- HOW TO COMPLETE THIS TASK:
The expected answer is the set of lines in the data below between the line holding "Rainbow Acanthophyllia" and the line holding "libro gratis Bajo", inclusive, written out exactly.

===== RECORDS FOR THIS EXERCISE

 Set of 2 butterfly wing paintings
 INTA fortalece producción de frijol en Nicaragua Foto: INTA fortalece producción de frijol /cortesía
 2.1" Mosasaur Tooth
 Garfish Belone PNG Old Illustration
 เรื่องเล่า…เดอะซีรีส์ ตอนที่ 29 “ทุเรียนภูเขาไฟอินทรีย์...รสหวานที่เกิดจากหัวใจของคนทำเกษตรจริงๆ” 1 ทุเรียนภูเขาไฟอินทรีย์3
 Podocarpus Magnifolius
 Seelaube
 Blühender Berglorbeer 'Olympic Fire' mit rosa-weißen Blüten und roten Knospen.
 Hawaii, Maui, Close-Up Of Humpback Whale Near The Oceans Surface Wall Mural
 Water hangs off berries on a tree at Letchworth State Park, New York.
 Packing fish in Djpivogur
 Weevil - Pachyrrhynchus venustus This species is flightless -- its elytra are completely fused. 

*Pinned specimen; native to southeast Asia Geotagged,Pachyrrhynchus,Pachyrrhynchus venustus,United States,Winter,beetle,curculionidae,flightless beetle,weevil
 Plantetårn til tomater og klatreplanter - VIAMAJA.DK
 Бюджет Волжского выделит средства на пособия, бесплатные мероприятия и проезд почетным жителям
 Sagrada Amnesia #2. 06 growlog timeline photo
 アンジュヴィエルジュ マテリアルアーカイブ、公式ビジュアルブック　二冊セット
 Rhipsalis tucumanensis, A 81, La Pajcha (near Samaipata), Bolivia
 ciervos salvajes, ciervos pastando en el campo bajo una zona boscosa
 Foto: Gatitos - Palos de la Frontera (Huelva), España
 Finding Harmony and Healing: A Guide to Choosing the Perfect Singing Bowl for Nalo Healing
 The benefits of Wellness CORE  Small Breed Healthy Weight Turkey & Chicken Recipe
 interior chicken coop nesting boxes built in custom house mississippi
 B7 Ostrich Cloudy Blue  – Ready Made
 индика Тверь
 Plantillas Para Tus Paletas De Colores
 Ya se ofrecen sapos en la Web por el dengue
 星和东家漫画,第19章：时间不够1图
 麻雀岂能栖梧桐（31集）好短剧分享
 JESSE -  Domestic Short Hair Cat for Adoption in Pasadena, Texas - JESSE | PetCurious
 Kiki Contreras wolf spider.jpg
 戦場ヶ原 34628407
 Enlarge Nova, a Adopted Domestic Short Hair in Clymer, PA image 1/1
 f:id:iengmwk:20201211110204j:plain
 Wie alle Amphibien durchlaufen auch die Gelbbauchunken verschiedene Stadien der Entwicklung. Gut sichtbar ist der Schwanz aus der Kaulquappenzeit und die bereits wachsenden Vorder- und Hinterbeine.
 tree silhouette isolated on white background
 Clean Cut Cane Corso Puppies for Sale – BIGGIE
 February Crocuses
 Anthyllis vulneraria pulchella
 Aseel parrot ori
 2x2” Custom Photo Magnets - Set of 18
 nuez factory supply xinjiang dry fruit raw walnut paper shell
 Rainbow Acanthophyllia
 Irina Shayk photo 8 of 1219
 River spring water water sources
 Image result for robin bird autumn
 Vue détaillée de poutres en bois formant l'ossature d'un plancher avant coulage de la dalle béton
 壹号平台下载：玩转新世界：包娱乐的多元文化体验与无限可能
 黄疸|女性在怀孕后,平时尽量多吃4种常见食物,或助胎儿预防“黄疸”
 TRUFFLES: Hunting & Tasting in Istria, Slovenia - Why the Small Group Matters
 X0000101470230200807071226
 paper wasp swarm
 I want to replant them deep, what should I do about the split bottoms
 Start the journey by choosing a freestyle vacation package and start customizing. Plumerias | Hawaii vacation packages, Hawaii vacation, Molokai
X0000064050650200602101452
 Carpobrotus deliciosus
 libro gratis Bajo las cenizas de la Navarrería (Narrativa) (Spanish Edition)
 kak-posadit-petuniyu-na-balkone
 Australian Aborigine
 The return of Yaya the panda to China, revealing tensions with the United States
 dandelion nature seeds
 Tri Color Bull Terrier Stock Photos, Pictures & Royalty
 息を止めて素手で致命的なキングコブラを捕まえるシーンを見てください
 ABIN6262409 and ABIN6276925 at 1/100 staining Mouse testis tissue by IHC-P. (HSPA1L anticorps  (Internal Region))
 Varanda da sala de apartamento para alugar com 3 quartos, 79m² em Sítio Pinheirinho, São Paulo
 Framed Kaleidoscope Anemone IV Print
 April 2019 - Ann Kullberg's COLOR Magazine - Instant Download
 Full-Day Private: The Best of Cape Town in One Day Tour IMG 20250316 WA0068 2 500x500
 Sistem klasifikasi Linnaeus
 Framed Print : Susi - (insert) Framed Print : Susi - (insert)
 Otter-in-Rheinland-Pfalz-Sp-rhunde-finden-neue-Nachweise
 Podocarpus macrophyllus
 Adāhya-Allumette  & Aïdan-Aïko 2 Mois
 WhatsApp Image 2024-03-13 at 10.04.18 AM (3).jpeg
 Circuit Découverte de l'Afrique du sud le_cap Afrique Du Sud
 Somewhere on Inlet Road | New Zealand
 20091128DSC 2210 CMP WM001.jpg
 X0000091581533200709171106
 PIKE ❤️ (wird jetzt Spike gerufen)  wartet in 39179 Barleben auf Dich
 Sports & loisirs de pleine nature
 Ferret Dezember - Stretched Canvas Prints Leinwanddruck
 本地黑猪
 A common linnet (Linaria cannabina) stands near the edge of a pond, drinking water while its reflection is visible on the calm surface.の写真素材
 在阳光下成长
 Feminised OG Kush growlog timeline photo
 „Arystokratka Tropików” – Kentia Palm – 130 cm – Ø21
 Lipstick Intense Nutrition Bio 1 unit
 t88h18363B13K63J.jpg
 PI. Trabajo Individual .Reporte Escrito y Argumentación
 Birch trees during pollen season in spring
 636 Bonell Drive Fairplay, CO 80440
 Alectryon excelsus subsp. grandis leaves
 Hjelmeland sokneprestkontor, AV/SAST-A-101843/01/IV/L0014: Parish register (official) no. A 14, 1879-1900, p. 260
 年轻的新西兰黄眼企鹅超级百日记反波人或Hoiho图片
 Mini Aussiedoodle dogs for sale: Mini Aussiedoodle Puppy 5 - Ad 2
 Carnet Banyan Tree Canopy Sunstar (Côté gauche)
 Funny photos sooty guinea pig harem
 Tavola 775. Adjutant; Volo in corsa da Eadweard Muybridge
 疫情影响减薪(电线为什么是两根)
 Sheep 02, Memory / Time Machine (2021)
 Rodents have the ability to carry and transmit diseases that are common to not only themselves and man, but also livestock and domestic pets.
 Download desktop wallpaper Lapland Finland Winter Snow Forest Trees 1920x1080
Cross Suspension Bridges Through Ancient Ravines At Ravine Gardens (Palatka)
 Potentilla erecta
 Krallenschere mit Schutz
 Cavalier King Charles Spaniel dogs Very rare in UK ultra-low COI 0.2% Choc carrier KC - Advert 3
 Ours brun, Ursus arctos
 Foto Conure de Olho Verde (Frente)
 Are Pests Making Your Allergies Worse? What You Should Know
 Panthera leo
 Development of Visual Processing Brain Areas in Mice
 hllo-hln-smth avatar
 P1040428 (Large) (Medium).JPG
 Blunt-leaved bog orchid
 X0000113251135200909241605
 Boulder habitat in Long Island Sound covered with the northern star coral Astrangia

==========

- EXPECTED OUTPUT:
 Rainbow Acanthophyllia
 Irina Shayk photo 8 of 1219
 River spring water water sources
 Image result for robin bird autumn
 Vue détaillée de poutres en bois formant l'ossature d'un plancher avant coulage de la dalle béton
 壹号平台下载：玩转新世界：包娱乐的多元文化体验与无限可能
 黄疸|女性在怀孕后,平时尽量多吃4种常见食物,或助胎儿预防“黄疸”
 TRUFFLES: Hunting & Tasting in Istria, Slovenia - Why the Small Group Matters
 X0000101470230200807071226
 paper wasp swarm
 I want to replant them deep, what should I do about the split bottoms
 Start the journey by choosing a freestyle vacation package and start customizing. Plumerias | Hawaii vacation packages, Hawaii vacation, Molokai
X0000064050650200602101452
 Carpobrotus deliciosus
 libro gratis Bajo las cenizas de la Navarrería (Narrativa) (Spanish Edition)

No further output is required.